[Data items]
+++

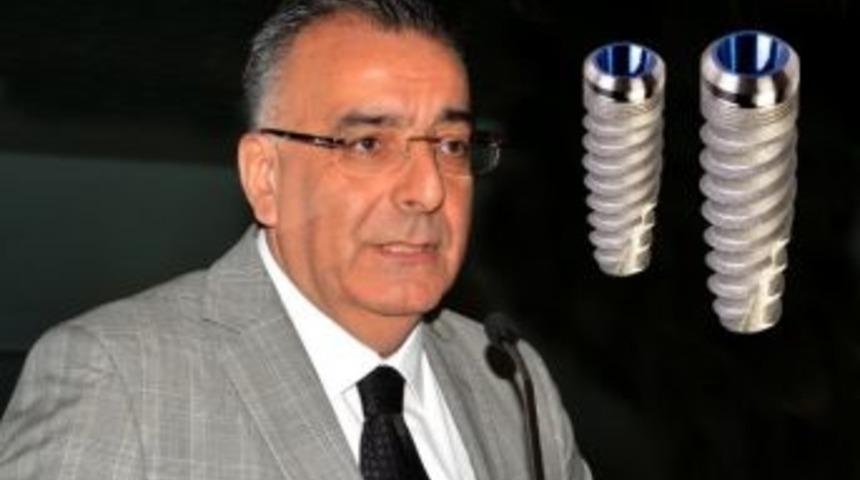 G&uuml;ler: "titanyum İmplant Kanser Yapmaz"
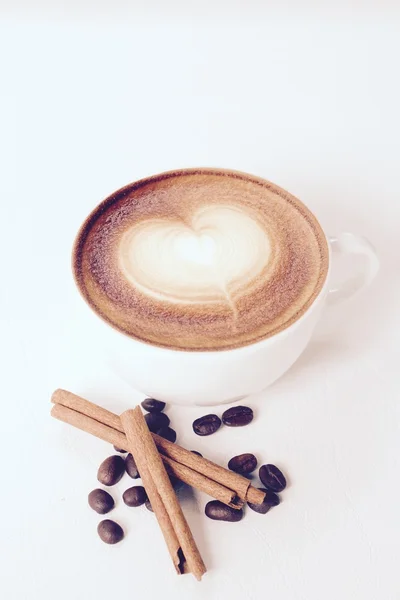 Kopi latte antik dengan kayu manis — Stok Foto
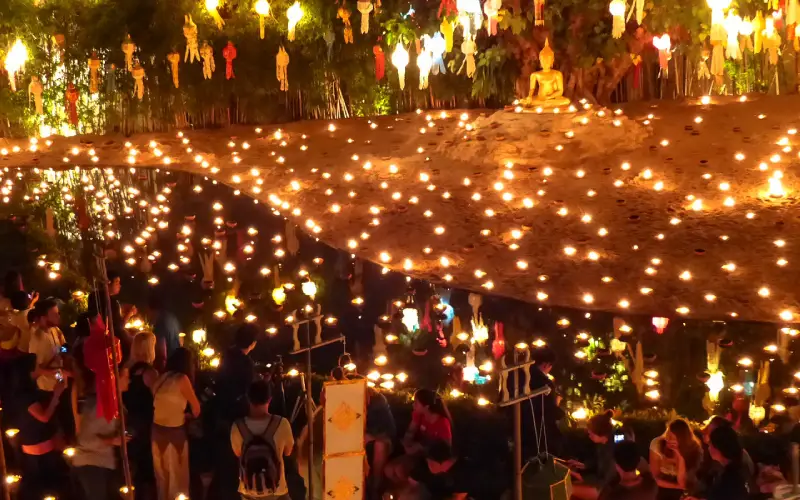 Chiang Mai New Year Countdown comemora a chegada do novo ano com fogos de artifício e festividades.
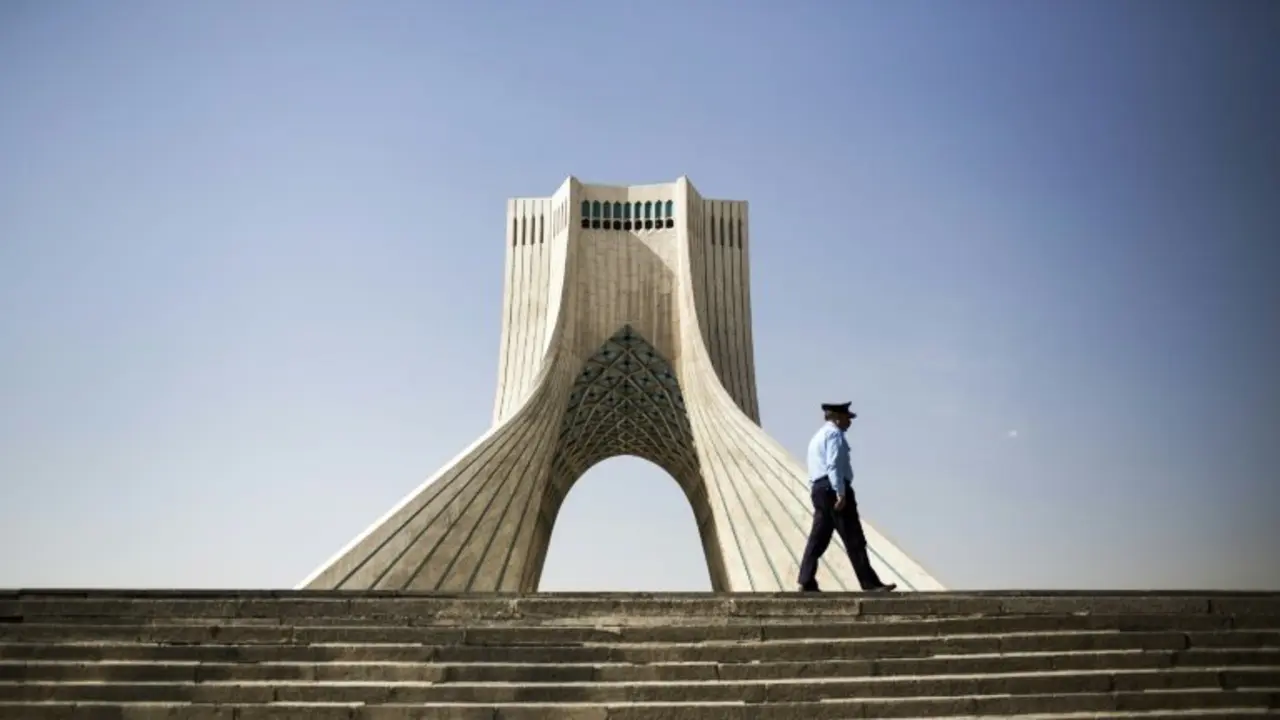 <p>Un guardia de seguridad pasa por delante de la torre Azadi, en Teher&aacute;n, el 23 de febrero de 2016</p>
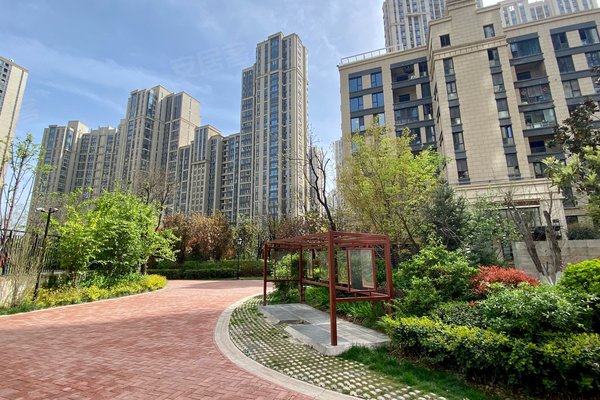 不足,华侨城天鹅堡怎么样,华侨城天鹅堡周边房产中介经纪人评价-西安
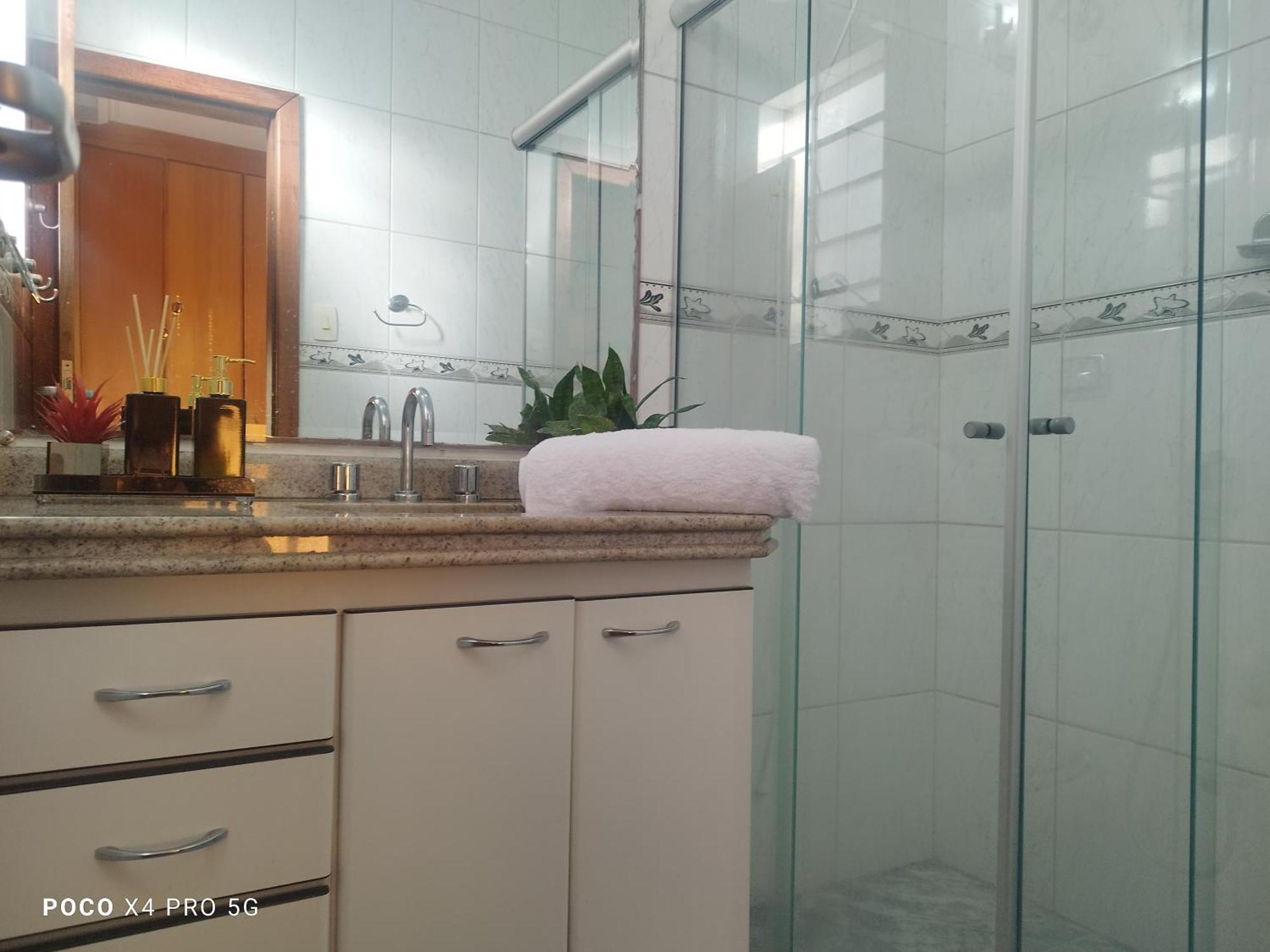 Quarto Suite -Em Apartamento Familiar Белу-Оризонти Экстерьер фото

+++

**What needs to be done:**
Find the line containing "不足,华侨城天鹅堡怎么样,华侨城天鹅堡周边房产中介经纪人评价-西安" in the records above and restate it, and each line after it through the end, word for word, dropping the pictures.

**Written solution:**
 不足,华侨城天鹅堡怎么样,华侨城天鹅堡周边房产中介经纪人评价-西安
 Quarto Suite -Em Apartamento Familiar Белу-Оризонти Экстерьер фото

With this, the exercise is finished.